EXERCISE REQUIREMENTS
Nothing should be left out: repeat all the data exactly.

Segment Start: TASK INPUTS

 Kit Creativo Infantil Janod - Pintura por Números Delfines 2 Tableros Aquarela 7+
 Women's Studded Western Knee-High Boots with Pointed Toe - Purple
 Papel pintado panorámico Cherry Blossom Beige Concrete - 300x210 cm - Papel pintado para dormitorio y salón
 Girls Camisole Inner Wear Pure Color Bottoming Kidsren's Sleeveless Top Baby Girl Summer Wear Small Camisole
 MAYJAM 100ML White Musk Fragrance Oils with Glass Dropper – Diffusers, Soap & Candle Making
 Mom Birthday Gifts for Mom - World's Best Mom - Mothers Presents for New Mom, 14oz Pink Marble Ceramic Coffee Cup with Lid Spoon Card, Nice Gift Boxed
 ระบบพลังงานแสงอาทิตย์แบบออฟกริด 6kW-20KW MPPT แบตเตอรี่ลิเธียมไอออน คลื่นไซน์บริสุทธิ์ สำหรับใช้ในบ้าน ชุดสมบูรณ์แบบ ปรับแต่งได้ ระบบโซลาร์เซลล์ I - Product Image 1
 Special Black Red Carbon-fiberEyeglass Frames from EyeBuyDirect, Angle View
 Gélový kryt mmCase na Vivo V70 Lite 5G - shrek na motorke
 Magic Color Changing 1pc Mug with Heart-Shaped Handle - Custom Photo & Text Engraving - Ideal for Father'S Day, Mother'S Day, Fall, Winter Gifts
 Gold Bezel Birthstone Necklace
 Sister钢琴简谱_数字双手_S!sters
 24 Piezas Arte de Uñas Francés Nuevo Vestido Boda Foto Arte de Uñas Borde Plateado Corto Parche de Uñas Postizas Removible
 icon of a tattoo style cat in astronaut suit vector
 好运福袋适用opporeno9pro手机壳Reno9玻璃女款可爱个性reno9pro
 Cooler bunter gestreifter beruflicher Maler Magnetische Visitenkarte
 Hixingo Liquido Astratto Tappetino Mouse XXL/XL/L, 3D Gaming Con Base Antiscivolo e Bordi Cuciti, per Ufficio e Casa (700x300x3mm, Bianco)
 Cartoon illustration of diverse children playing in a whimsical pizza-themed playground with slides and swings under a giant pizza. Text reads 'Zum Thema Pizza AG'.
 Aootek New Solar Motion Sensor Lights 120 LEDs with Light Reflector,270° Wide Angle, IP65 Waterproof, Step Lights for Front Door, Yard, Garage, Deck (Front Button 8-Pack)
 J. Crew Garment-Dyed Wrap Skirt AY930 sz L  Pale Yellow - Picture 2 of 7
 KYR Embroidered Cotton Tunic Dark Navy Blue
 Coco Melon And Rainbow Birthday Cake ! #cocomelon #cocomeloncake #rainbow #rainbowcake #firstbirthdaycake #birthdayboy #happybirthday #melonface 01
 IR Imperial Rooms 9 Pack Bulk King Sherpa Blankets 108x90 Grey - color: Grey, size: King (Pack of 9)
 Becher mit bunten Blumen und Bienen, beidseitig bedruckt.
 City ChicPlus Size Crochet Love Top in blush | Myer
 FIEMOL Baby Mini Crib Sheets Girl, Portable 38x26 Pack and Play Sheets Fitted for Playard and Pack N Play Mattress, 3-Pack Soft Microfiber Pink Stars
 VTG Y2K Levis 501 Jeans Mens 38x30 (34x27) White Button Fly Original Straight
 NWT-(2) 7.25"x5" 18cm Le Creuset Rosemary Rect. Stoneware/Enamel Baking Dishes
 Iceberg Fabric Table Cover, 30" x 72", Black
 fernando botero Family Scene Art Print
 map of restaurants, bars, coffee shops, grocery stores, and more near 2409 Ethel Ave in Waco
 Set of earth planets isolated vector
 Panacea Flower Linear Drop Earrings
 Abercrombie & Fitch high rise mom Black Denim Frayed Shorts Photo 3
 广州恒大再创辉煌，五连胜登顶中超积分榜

Segment End: TASK INPUTS

REPLY TO THE TASK
 Kit Creativo Infantil Janod - Pintura por Números Delfines 2 Tableros Aquarela 7+
 Women's Studded Western Knee-High Boots with Pointed Toe - Purple
 Papel pintado panorámico Cherry Blossom Beige Concrete - 300x210 cm - Papel pintado para dormitorio y salón
 Girls Camisole Inner Wear Pure Color Bottoming Kidsren's Sleeveless Top Baby Girl Summer Wear Small Camisole
 MAYJAM 100ML White Musk Fragrance Oils with Glass Dropper – Diffusers, Soap & Candle Making
 Mom Birthday Gifts for Mom - World's Best Mom - Mothers Presents for New Mom, 14oz Pink Marble Ceramic Coffee Cup with Lid Spoon Card, Nice Gift Boxed
 ระบบพลังงานแสงอาทิตย์แบบออฟกริด 6kW-20KW MPPT แบตเตอรี่ลิเธียมไอออน คลื่นไซน์บริสุทธิ์ สำหรับใช้ในบ้าน ชุดสมบูรณ์แบบ ปรับแต่งได้ ระบบโซลาร์เซลล์ I - Product Image 1
 Special Black Red Carbon-fiberEyeglass Frames from EyeBuyDirect, Angle View
 Gélový kryt mmCase na Vivo V70 Lite 5G - shrek na motorke
 Magic Color Changing 1pc Mug with Heart-Shaped Handle - Custom Photo & Text Engraving - Ideal for Father'S Day, Mother'S Day, Fall, Winter Gifts
 Gold Bezel Birthstone Necklace
 Sister钢琴简谱_数字双手_S!sters
 24 Piezas Arte de Uñas Francés Nuevo Vestido Boda Foto Arte de Uñas Borde Plateado Corto Parche de Uñas Postizas Removible
 icon of a tattoo style cat in astronaut suit vector
 好运福袋适用opporeno9pro手机壳Reno9玻璃女款可爱个性reno9pro
 Cooler bunter gestreifter beruflicher Maler Magnetische Visitenkarte
 Hixingo Liquido Astratto Tappetino Mouse XXL/XL/L, 3D Gaming Con Base Antiscivolo e Bordi Cuciti, per Ufficio e Casa (700x300x3mm, Bianco)
 Cartoon illustration of diverse children playing in a whimsical pizza-themed playground with slides and swings under a giant pizza. Text reads 'Zum Thema Pizza AG'.
 Aootek New Solar Motion Sensor Lights 120 LEDs with Light Reflector,270° Wide Angle, IP65 Waterproof, Step Lights for Front Door, Yard, Garage, Deck (Front Button 8-Pack)
 J. Crew Garment-Dyed Wrap Skirt AY930 sz L  Pale Yellow - Picture 2 of 7
 KYR Embroidered Cotton Tunic Dark Navy Blue
 Coco Melon And Rainbow Birthday Cake ! #cocomelon #cocomeloncake #rainbow #rainbowcake #firstbirthdaycake #birthdayboy #happybirthday #melonface 01
 IR Imperial Rooms 9 Pack Bulk King Sherpa Blankets 108x90 Grey - color: Grey, size: King (Pack of 9)
 Becher mit bunten Blumen und Bienen, beidseitig bedruckt.
 City ChicPlus Size Crochet Love Top in blush | Myer
 FIEMOL Baby Mini Crib Sheets Girl, Portable 38x26 Pack and Play Sheets Fitted for Playard and Pack N Play Mattress, 3-Pack Soft Microfiber Pink Stars
 VTG Y2K Levis 501 Jeans Mens 38x30 (34x27) White Button Fly Original Straight
 NWT-(2) 7.25"x5" 18cm Le Creuset Rosemary Rect. Stoneware/Enamel Baking Dishes
 Iceberg Fabric Table Cover, 30" x 72", Black
 fernando botero Family Scene Art Print
 map of restaurants, bars, coffee shops, grocery stores, and more near 2409 Ethel Ave in Waco
 Set of earth planets isolated vector
 Panacea Flower Linear Drop Earrings
 Abercrombie & Fitch high rise mom Black Denim Frayed Shorts Photo 3
 广州恒大再创辉煌，五连胜登顶中超积分榜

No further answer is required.